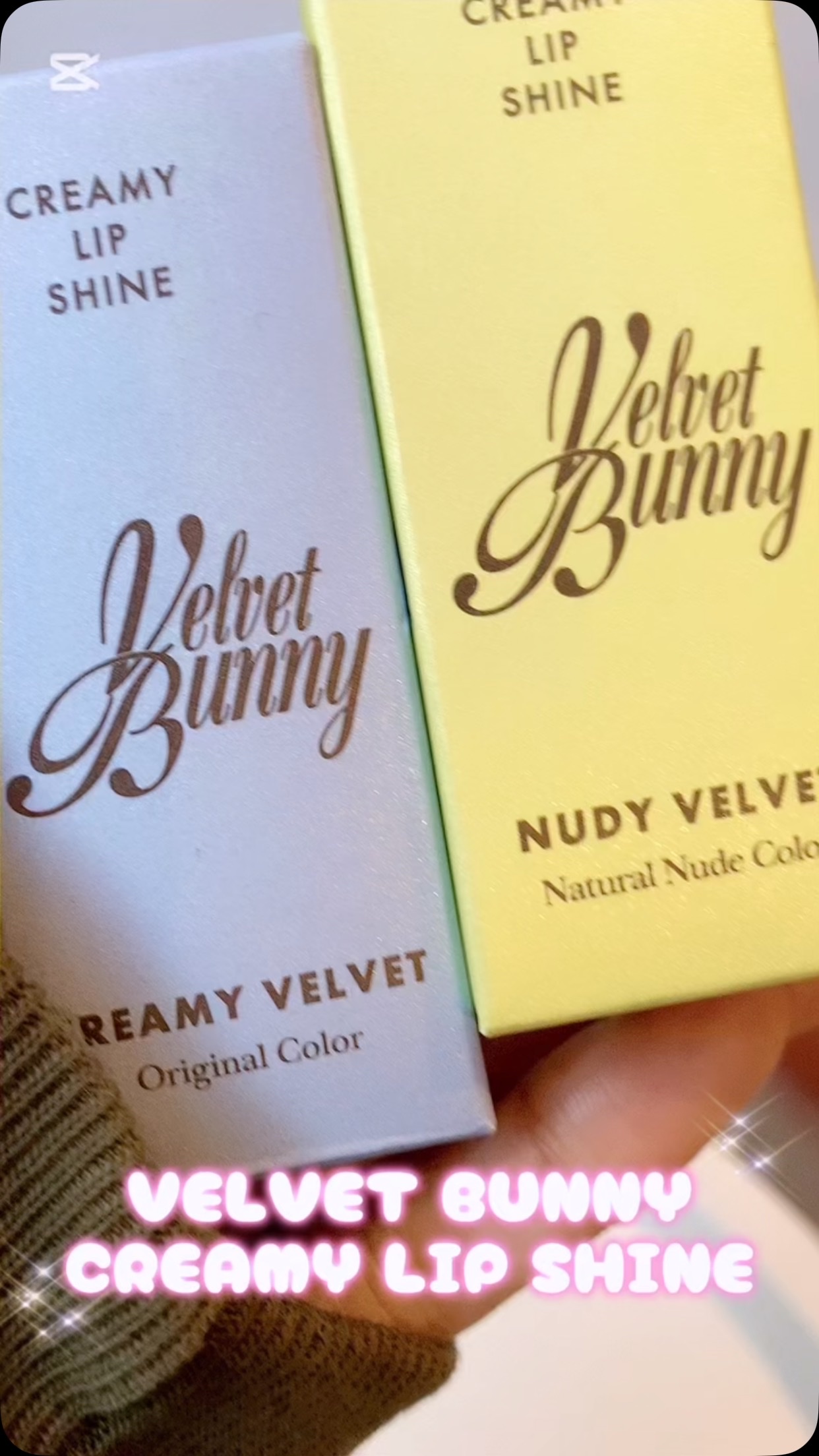 クリーミーリップシャイン CREAMY VELVET/Velvet Bunny/リップクリームを使ったクチコミ（1枚目）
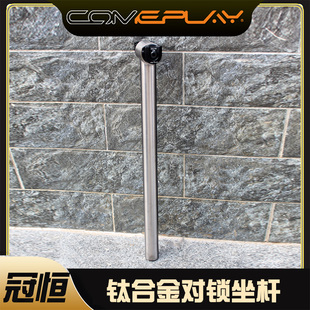 山地公路自行车钛合金对锁坐杆座杆直管后飘27.2 31.6 30.9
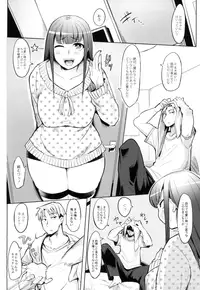 [Fukumaaya] Megamori! [Digital]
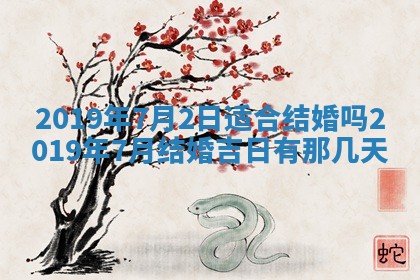 2026年3月份安门吉日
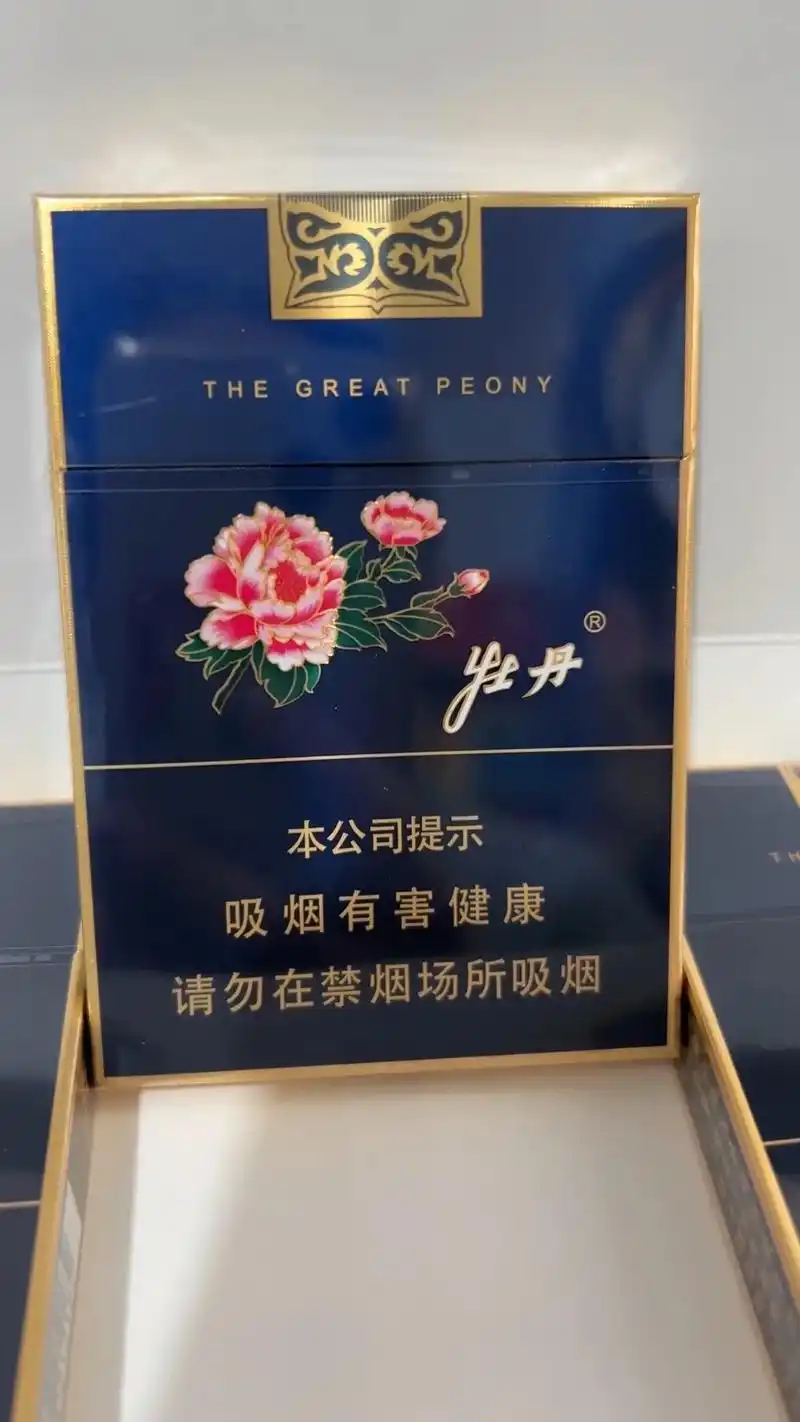 牡丹硬蓝中支#国花牡丹 # - 抖音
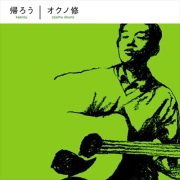 オクノ修 / 帰ろう
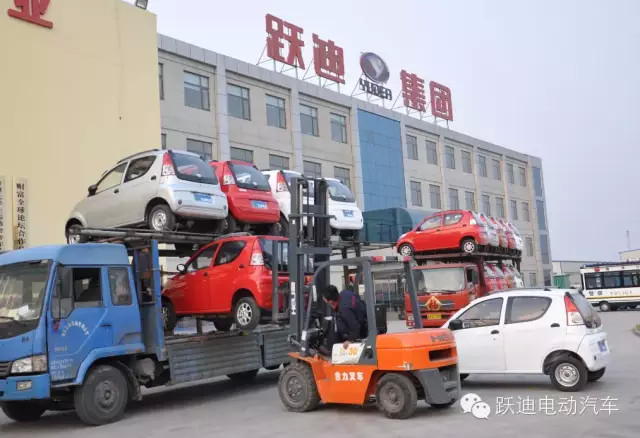 躍迪電動汽車發(fā)車河北邯鄲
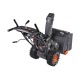 Снегоуборщик Patriot PRO 750 в Ставрополе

> **Exercise details**
With the pictures omitted, repeat the full set of records above exactly.

> **Task output**
 クリーミーリップシャイン CREAMY VELVET/Velvet Bunny/リップクリームを使ったクチコミ（1枚目）
 山地公路自行车钛合金对锁坐杆座杆直管后飘27.2 31.6 30.9
 [Fukumaaya] Megamori! [Digital]
 2026年3月份安门吉日
 牡丹硬蓝中支#国花牡丹 # - 抖音
 オクノ修 / 帰ろう
 躍迪電動汽車發(fā)車河北邯鄲
 Снегоуборщик Patriot PRO 750 в Ставрополе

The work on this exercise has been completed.